|GOLDBERG ON FOOTBALL: Quinn waits a long time, then gets his wish|
|Written by Admin|
|Saturday, 28 April 2007 11:21|
Even before he dropped to No. 22 after being the considered a potential overall No. 1 pick, he kept saying it wasn't a problem. ``That means I'll be playing for a better team,'' Quinn kept repeating.
Well, the former Notre Dame quarterback isn't playing for a better team.
He's playing for the Cleveland Browns, who might've taken him at No. 3, but chose offensive tackle Joe Thomas instead. Cleveland, 4-12 last season, then dramatically traded up from the second round to take a player it hopes is the next Otto Graham, NOT the next Tim Couch. Couch was the first overall pick in 1999 for an expansion team that replaced the original Browns, who defected to Baltimore in 1996.

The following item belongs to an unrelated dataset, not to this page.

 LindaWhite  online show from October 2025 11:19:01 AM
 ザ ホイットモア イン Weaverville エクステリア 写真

But Quinn is going home - he grew up near Columbus in Dublin, Ohio. And considering he has Braylon Edwards and Kellen Winslow to throw to, and Thomas to block for him, he may not be so badly off. Except in the wallet.
And Quinn said during the week money didn't mean as much as the chance to play in the NFL.

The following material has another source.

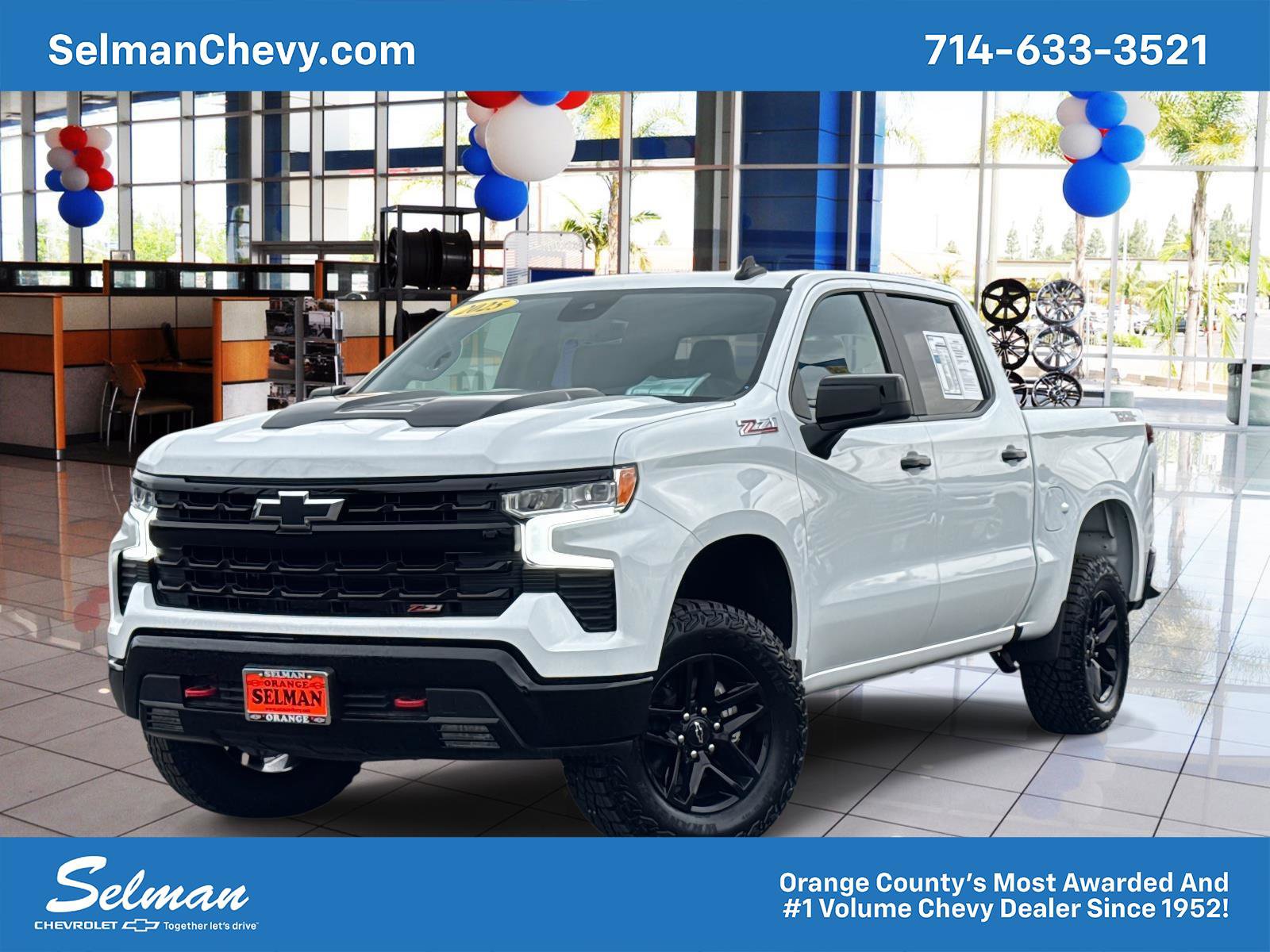 Used 2025 Chevrolet Silverado 1500 LT Trail Boss w/ Convenience Package II image 1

``I had a dollar in my wallet when I walked here and I still have that dollar,'' Quinn said with a smile after he was drafted.
Still, it had to have been a shock how far he fell, especially when he was available to quarterback-needy Miami at No. 9 . The Dolphins opted instead for Ted Ginn Jr., the Ohio State wide receiver whose questionable route-running and frequent drops had him projected in the 20s, speed notwithstanding. The reception to that pick in Miami was boos from fans who wanted Quinn.
He certainly looked a bit shell-shocked when he ambled onto the stage at Radio City Music Hall with his family to accept a Browns jersey with No. 1 on it from commissioner Roger Goodell. Funny thing about that: The jersey was still available because Thomas, on whom the Browns used their first pick, was the one player invited to the draft who declined to attend. He went fishing on Lake Michigan instead.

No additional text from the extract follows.